Kışın vazgeçilmezi konservenin tarihi
Konserve, tarihi bir teknoloji. Okyanus ötesi topraklara ulaşmakta da, uzun süren savaşları kazanmakta da payı büyük. E malum bizimki de artık bir yaşam savaşına dönüşünce, tarihine bakmak farz oldu!

Canım konserveciler,

Bitti mi kışa dair umut kavanozlamalarınız? Karlı kış günlerinde çıkardığınız biberlerle nefis bir yaz kahvaltısının hayali yaşamaya dair gizli bir dua gibi değil mi? Ah, ama tam turşu zamanı şimdi! Bir avuç tuz ve biraz sirkeyle galiba sadece aşkın turşusunu kuramıyoruz. Mevsimindeki kadar taze ve kütür kütür…

Bu girişle tüm karınca kolonisini selamlayan bir ağustos böceğinin şarkısı olarak dinleyin yazdıklarımı. Çünkü evet birkaç kavanoz domates yapmasam aforoz edileceğim için onları yapsam da kilerim de dolu değil sizin gibi. Ağustos ayında biraz şarkı biriktirdim ben, diğer mevsimlerde keyfim olmazsa diye.

“Sayın müftüm, değerli anayasa mahkemesi üyelerim, çok kıymetli toplumsal ahlak norm oluşturma komisyonu, bazı sorularım olacak izninizle; misal konserve yapan kişiler konservatif midir? Muhafaza etmeyi sevdiklerine göre muhafazakâr da sayılırlar mı? Yapmasam anarşik olur muyum? Turşu kurmamak caiz midir?

Filiz Hanım, icazet başvurunuz tarafımızdan reddedilmiştir. Domates soslarıyla en az bir gönderi paylaşmayanı sosyal medya platformları bile üyelikten çıkartabilir, öyle gizli bir içtihat yazıldı bu topraklarda.”

Evet, eğleniyorum ama eğlendirme peşinde eğlenmek caizdir bence. Siz taze fasulyeyi pişirip sıcak kavanozlarken, bamyayı haşlayıp poşetlerken, menemenlik biberi sendirirken ben de editöryal kadronun siparişiyle bunların tarihine biraz bakındım. Artık kışa aç kalırsam da umarım bana kargoyla kendi konservelerinden ulaştırırlar.
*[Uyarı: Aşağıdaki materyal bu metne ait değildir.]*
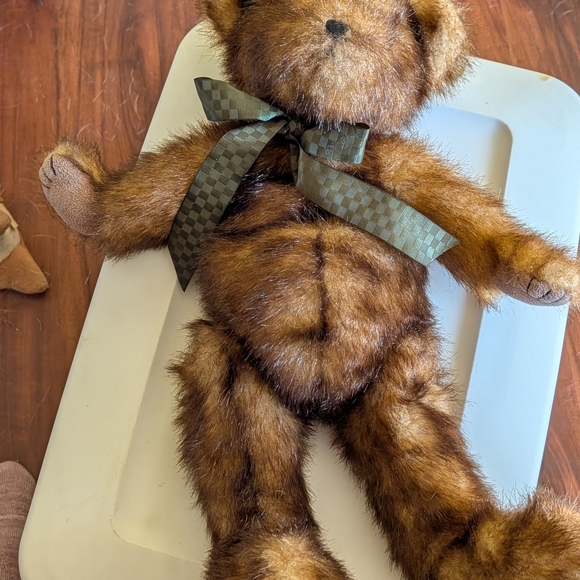 Collectible Boyds Bears Brown Stuffed Animal with Green Ribbon - Picture 3 of 5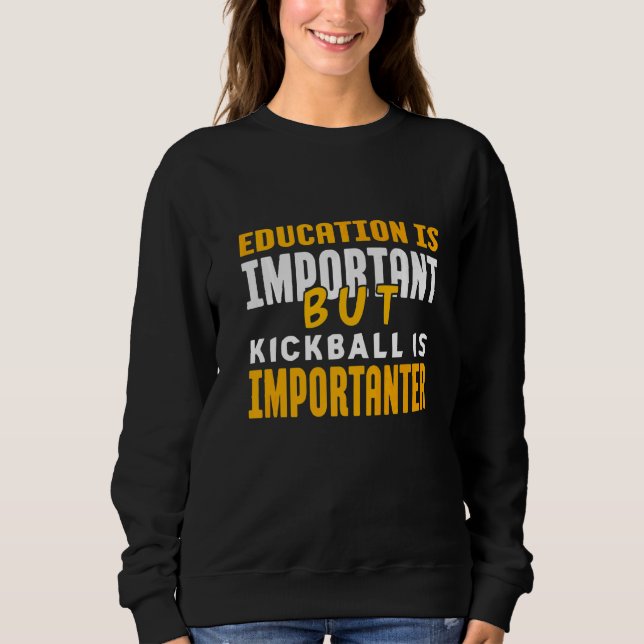 Utbildning är viktigt, men Kickball är viktigt T Shirt (Framsida)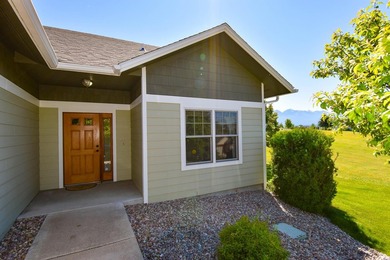 Rare opportunity to own a spacious townhouse in the highly - photo 3
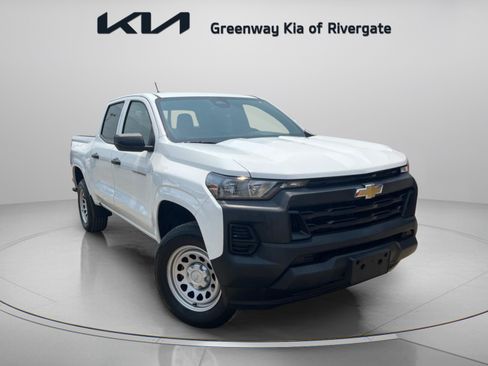 Used 2025 Chevrolet Colorado W/T RWD image 1
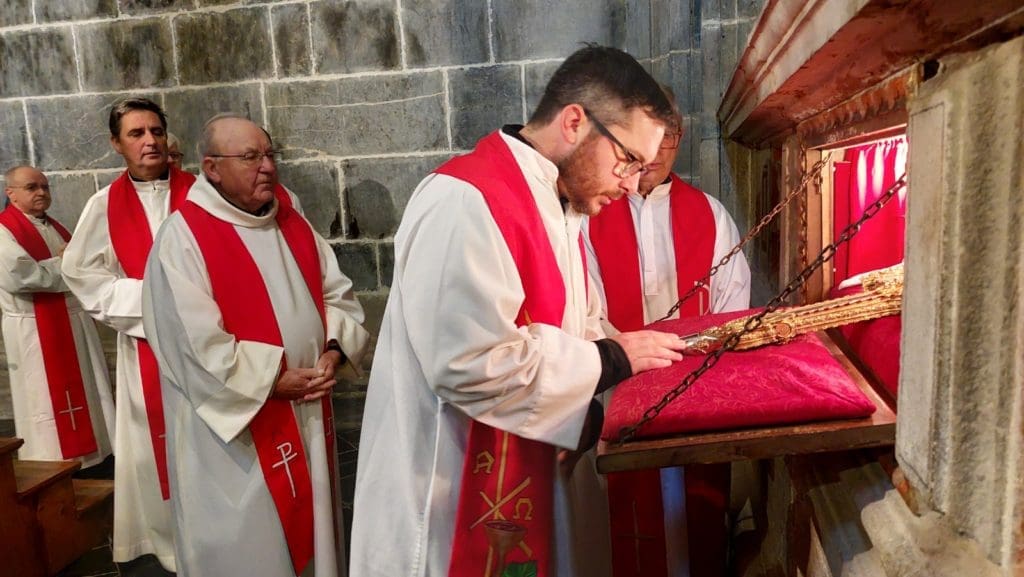 El sacerdote valenciano Jordi Cerdá admira el Lignum Crucis (“madera de la cruz”) en el Monasterio de Santo Toribio (Foto: Elías Levy Benarroch)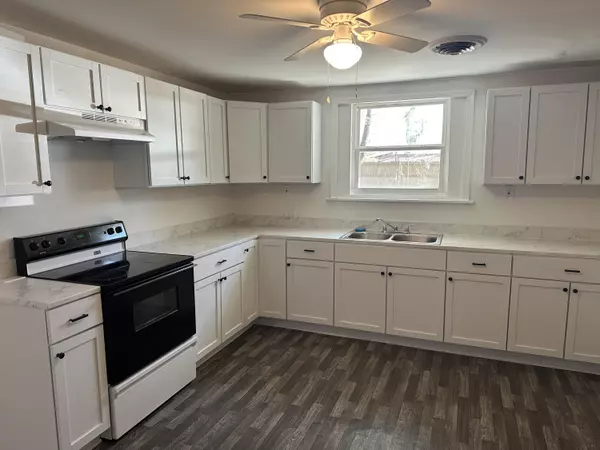 Summerville, SC 29485,316 Owens Dr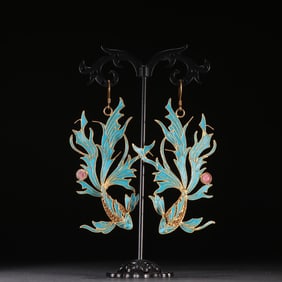 Pair of Gilt Silver Inlaid Gem Stone and Blue Feather Carved Fish Pattern Earring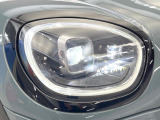 ●LEDヘッドライト:夜間走行時も良好な視界を確保し安心して運転できる高輝度LEDヘッドライトを装備!点灯速度が早く、消費電力も抑えられています。
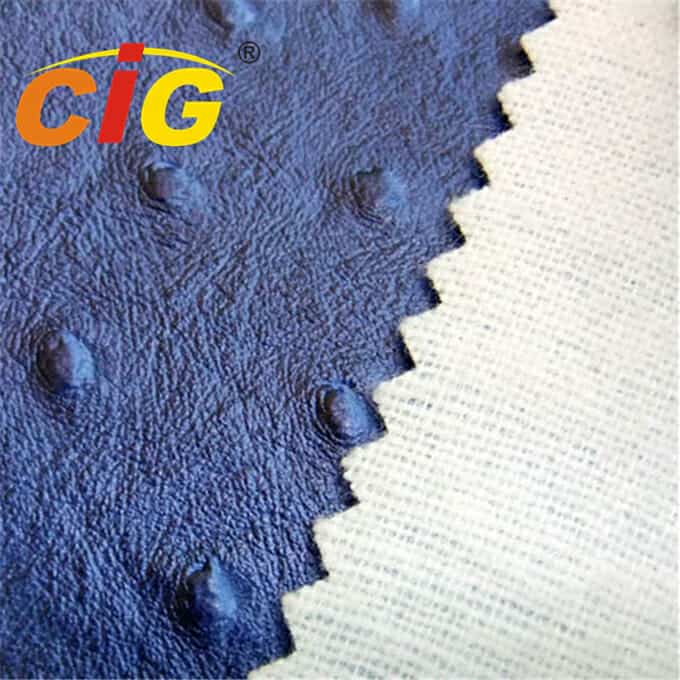 Mėlynos ir baltos tekstūros audinio, primenančio odą, pavyzdžiai, kurių kampe yra įspaustas logotipas „cig®“.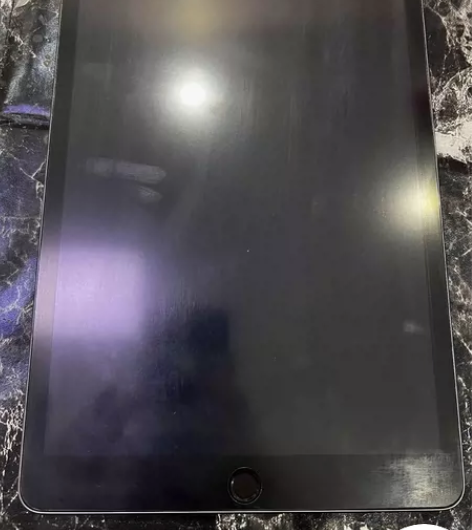 iPad第8代（2020款）的屏幕10.2...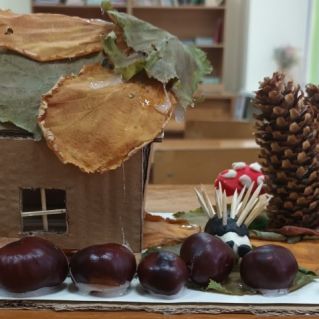 "Домик в лесу"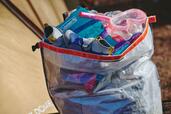 濡れた水着も放り込んでOK【hinata「アウトドアトラッシュバッグ」】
Sevdiğimiz besinleri hep yemek istememizde garip bir şey yok bence. Yoksa sera marifetiyle kışın yaz sebzelerini yetiştirmeye çalışmaz, meyveler her mevsim dayansın diye soğuk depolama teknolojisini bulmaz, hayatımızı ne çıkarsa bahtımıza kabullenişiyle yaşar giderdik. (Düşündüm de ben öyle yaşıyorum zaten.)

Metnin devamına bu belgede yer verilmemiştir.